Problem to work on – Go through the entries and copy every one exactly.

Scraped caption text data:
= Beginning of Section =
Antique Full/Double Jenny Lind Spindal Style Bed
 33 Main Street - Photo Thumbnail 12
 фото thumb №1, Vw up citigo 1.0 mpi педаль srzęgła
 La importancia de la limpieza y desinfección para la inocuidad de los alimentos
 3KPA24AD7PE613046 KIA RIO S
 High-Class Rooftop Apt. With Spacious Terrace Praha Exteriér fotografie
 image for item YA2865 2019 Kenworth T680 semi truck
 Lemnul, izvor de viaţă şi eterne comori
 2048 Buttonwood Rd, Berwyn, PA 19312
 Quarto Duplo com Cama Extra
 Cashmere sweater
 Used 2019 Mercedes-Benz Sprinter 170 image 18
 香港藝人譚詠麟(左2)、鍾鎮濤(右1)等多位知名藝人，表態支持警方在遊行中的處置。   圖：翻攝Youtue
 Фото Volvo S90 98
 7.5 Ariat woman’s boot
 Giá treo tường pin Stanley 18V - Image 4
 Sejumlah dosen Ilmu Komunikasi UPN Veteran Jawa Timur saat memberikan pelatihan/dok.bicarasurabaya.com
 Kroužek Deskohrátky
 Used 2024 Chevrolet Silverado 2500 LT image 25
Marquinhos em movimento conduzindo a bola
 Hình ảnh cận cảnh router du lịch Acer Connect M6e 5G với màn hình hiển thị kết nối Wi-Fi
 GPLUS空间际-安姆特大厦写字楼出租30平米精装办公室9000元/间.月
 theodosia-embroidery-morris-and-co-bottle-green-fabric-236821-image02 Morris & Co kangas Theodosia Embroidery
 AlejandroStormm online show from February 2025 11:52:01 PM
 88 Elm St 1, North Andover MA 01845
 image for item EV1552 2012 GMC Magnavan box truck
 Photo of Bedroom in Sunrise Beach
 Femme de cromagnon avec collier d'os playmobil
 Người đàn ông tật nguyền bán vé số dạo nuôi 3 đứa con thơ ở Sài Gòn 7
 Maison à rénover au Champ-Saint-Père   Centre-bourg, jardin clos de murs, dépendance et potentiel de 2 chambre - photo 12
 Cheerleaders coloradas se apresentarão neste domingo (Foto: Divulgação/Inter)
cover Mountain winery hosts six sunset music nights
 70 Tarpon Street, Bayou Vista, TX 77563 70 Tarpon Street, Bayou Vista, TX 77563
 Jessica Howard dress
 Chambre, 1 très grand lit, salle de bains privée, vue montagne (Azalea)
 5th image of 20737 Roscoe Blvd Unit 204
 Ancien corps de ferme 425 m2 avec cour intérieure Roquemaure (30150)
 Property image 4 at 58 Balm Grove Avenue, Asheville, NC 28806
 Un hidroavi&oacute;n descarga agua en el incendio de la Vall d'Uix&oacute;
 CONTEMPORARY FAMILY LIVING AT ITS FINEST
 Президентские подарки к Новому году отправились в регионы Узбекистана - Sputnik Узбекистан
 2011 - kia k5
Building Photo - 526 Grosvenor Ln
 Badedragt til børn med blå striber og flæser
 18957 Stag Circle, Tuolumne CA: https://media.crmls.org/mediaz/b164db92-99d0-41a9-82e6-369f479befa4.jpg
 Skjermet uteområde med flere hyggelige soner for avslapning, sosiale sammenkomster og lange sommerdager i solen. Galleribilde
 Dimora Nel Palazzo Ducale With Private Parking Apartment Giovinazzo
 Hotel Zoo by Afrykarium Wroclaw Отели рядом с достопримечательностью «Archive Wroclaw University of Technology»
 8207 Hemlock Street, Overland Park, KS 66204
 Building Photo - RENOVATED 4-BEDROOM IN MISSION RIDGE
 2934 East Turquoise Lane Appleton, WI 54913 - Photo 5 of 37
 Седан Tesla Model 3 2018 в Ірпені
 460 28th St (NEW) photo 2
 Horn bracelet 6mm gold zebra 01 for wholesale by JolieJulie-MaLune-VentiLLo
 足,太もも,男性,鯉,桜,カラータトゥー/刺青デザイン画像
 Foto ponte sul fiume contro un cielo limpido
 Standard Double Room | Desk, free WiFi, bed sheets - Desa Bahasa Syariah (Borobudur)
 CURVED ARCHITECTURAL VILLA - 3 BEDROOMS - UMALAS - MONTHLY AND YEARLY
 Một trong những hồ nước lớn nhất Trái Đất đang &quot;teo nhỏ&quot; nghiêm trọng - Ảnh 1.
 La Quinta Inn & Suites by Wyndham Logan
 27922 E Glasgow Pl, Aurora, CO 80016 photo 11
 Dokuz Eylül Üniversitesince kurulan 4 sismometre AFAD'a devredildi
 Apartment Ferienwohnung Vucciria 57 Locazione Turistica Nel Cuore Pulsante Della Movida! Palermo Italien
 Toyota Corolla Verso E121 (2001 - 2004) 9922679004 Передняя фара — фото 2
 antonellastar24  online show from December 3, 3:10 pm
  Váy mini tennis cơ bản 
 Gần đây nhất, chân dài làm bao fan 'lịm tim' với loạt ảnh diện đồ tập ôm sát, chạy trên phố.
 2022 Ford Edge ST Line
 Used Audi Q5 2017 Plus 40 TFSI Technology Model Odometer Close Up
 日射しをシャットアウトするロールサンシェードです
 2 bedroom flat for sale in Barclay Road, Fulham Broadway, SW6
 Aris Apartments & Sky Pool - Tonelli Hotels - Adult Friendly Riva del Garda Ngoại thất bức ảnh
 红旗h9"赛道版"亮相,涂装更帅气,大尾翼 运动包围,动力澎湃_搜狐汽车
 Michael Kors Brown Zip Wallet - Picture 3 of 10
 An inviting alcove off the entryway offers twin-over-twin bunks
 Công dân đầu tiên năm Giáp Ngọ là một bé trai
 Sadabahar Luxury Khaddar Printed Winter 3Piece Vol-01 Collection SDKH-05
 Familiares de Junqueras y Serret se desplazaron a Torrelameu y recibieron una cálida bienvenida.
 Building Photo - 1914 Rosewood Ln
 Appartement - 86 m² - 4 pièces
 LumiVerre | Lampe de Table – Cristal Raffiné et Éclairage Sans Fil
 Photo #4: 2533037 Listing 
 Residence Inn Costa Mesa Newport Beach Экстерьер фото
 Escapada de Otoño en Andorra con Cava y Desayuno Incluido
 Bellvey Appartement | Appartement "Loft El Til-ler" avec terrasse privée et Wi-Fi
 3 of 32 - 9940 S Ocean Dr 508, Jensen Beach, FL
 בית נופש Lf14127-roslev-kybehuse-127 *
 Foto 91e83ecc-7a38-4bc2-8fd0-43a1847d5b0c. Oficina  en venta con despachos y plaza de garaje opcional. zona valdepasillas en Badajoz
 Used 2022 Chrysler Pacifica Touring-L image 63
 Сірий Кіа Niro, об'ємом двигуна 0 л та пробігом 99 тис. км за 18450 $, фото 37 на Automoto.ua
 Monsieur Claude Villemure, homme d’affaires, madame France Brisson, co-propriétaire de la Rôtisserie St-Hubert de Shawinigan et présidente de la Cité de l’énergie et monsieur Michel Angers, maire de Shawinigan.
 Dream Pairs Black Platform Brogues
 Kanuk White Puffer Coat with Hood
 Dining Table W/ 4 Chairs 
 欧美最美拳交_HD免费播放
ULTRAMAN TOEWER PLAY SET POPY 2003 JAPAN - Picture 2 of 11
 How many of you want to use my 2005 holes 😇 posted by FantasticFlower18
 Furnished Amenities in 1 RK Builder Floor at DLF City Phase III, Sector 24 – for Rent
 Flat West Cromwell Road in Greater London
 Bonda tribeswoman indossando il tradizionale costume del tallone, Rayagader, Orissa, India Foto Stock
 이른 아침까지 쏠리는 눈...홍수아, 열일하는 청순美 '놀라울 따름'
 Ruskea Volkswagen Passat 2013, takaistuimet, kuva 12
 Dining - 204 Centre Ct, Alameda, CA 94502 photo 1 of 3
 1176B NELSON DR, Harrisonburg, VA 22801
= End of Section =
Response to this exercise –
Antique Full/Double Jenny Lind Spindal Style Bed
 33 Main Street - Photo Thumbnail 12
 фото thumb №1, Vw up citigo 1.0 mpi педаль srzęgła
 La importancia de la limpieza y desinfección para la inocuidad de los alimentos
 3KPA24AD7PE613046 KIA RIO S
 High-Class Rooftop Apt. With Spacious Terrace Praha Exteriér fotografie
 image for item YA2865 2019 Kenworth T680 semi truck
 Lemnul, izvor de viaţă şi eterne comori
 2048 Buttonwood Rd, Berwyn, PA 19312
 Quarto Duplo com Cama Extra
 Cashmere sweater
 Used 2019 Mercedes-Benz Sprinter 170 image 18
 香港藝人譚詠麟(左2)、鍾鎮濤(右1)等多位知名藝人，表態支持警方在遊行中的處置。   圖：翻攝Youtue
 Фото Volvo S90 98
 7.5 Ariat woman’s boot
 Giá treo tường pin Stanley 18V - Image 4
 Sejumlah dosen Ilmu Komunikasi UPN Veteran Jawa Timur saat memberikan pelatihan/dok.bicarasurabaya.com
 Kroužek Deskohrátky
 Used 2024 Chevrolet Silverado 2500 LT image 25
Marquinhos em movimento conduzindo a bola
 Hình ảnh cận cảnh router du lịch Acer Connect M6e 5G với màn hình hiển thị kết nối Wi-Fi
 GPLUS空间际-安姆特大厦写字楼出租30平米精装办公室9000元/间.月
 theodosia-embroidery-morris-and-co-bottle-green-fabric-236821-image02 Morris & Co kangas Theodosia Embroidery
 AlejandroStormm online show from February 2025 11:52:01 PM
 88 Elm St 1, North Andover MA 01845
 image for item EV1552 2012 GMC Magnavan box truck
 Photo of Bedroom in Sunrise Beach
 Femme de cromagnon avec collier d'os playmobil
 Người đàn ông tật nguyền bán vé số dạo nuôi 3 đứa con thơ ở Sài Gòn 7
 Maison à rénover au Champ-Saint-Père   Centre-bourg, jardin clos de murs, dépendance et potentiel de 2 chambre - photo 12
 Cheerleaders coloradas se apresentarão neste domingo (Foto: Divulgação/Inter)
cover Mountain winery hosts six sunset music nights
 70 Tarpon Street, Bayou Vista, TX 77563 70 Tarpon Street, Bayou Vista, TX 77563
 Jessica Howard dress
 Chambre, 1 très grand lit, salle de bains privée, vue montagne (Azalea)
 5th image of 20737 Roscoe Blvd Unit 204
 Ancien corps de ferme 425 m2 avec cour intérieure Roquemaure (30150)
 Property image 4 at 58 Balm Grove Avenue, Asheville, NC 28806
 Un hidroavi&oacute;n descarga agua en el incendio de la Vall d'Uix&oacute;
 CONTEMPORARY FAMILY LIVING AT ITS FINEST
 Президентские подарки к Новому году отправились в регионы Узбекистана - Sputnik Узбекистан
 2011 - kia k5
Building Photo - 526 Grosvenor Ln
 Badedragt til børn med blå striber og flæser
 18957 Stag Circle, Tuolumne CA: https://media.crmls.org/mediaz/b164db92-99d0-41a9-82e6-369f479befa4.jpg
 Skjermet uteområde med flere hyggelige soner for avslapning, sosiale sammenkomster og lange sommerdager i solen. Galleribilde
 Dimora Nel Palazzo Ducale With Private Parking Apartment Giovinazzo
 Hotel Zoo by Afrykarium Wroclaw Отели рядом с достопримечательностью «Archive Wroclaw University of Technology»
 8207 Hemlock Street, Overland Park, KS 66204
 Building Photo - RENOVATED 4-BEDROOM IN MISSION RIDGE
 2934 East Turquoise Lane Appleton, WI 54913 - Photo 5 of 37
 Седан Tesla Model 3 2018 в Ірпені
 460 28th St (NEW) photo 2
 Horn bracelet 6mm gold zebra 01 for wholesale by JolieJulie-MaLune-VentiLLo
 足,太もも,男性,鯉,桜,カラータトゥー/刺青デザイン画像
 Foto ponte sul fiume contro un cielo limpido
 Standard Double Room | Desk, free WiFi, bed sheets - Desa Bahasa Syariah (Borobudur)
 CURVED ARCHITECTURAL VILLA - 3 BEDROOMS - UMALAS - MONTHLY AND YEARLY
 Một trong những hồ nước lớn nhất Trái Đất đang &quot;teo nhỏ&quot; nghiêm trọng - Ảnh 1.
 La Quinta Inn & Suites by Wyndham Logan
 27922 E Glasgow Pl, Aurora, CO 80016 photo 11
 Dokuz Eylül Üniversitesince kurulan 4 sismometre AFAD'a devredildi
 Apartment Ferienwohnung Vucciria 57 Locazione Turistica Nel Cuore Pulsante Della Movida! Palermo Italien
 Toyota Corolla Verso E121 (2001 - 2004) 9922679004 Передняя фара — фото 2
 antonellastar24  online show from December 3, 3:10 pm
  Váy mini tennis cơ bản 
 Gần đây nhất, chân dài làm bao fan 'lịm tim' với loạt ảnh diện đồ tập ôm sát, chạy trên phố.
 2022 Ford Edge ST Line
 Used Audi Q5 2017 Plus 40 TFSI Technology Model Odometer Close Up
 日射しをシャットアウトするロールサンシェードです
 2 bedroom flat for sale in Barclay Road, Fulham Broadway, SW6
 Aris Apartments & Sky Pool - Tonelli Hotels - Adult Friendly Riva del Garda Ngoại thất bức ảnh
 红旗h9"赛道版"亮相,涂装更帅气,大尾翼 运动包围,动力澎湃_搜狐汽车
 Michael Kors Brown Zip Wallet - Picture 3 of 10
 An inviting alcove off the entryway offers twin-over-twin bunks
 Công dân đầu tiên năm Giáp Ngọ là một bé trai
 Sadabahar Luxury Khaddar Printed Winter 3Piece Vol-01 Collection SDKH-05
 Familiares de Junqueras y Serret se desplazaron a Torrelameu y recibieron una cálida bienvenida.
 Building Photo - 1914 Rosewood Ln
 Appartement - 86 m² - 4 pièces
 LumiVerre | Lampe de Table – Cristal Raffiné et Éclairage Sans Fil
 Photo #4: 2533037 Listing 
 Residence Inn Costa Mesa Newport Beach Экстерьер фото
 Escapada de Otoño en Andorra con Cava y Desayuno Incluido
 Bellvey Appartement | Appartement "Loft El Til-ler" avec terrasse privée et Wi-Fi
 3 of 32 - 9940 S Ocean Dr 508, Jensen Beach, FL
 בית נופש Lf14127-roslev-kybehuse-127 *
 Foto 91e83ecc-7a38-4bc2-8fd0-43a1847d5b0c. Oficina  en venta con despachos y plaza de garaje opcional. zona valdepasillas en Badajoz
 Used 2022 Chrysler Pacifica Touring-L image 63
 Сірий Кіа Niro, об'ємом двигуна 0 л та пробігом 99 тис. км за 18450 $, фото 37 на Automoto.ua
 Monsieur Claude Villemure, homme d’affaires, madame France Brisson, co-propriétaire de la Rôtisserie St-Hubert de Shawinigan et présidente de la Cité de l’énergie et monsieur Michel Angers, maire de Shawinigan.
 Dream Pairs Black Platform Brogues
 Kanuk White Puffer Coat with Hood
 Dining Table W/ 4 Chairs 
 欧美最美拳交_HD免费播放
ULTRAMAN TOEWER PLAY SET POPY 2003 JAPAN - Picture 2 of 11
 How many of you want to use my 2005 holes 😇 posted by FantasticFlower18
 Furnished Amenities in 1 RK Builder Floor at DLF City Phase III, Sector 24 – for Rent
 Flat West Cromwell Road in Greater London
 Bonda tribeswoman indossando il tradizionale costume del tallone, Rayagader, Orissa, India Foto Stock
 이른 아침까지 쏠리는 눈...홍수아, 열일하는 청순美 '놀라울 따름'
 Ruskea Volkswagen Passat 2013, takaistuimet, kuva 12
 Dining - 204 Centre Ct, Alameda, CA 94502 photo 1 of 3
 1176B NELSON DR, Harrisonburg, VA 22801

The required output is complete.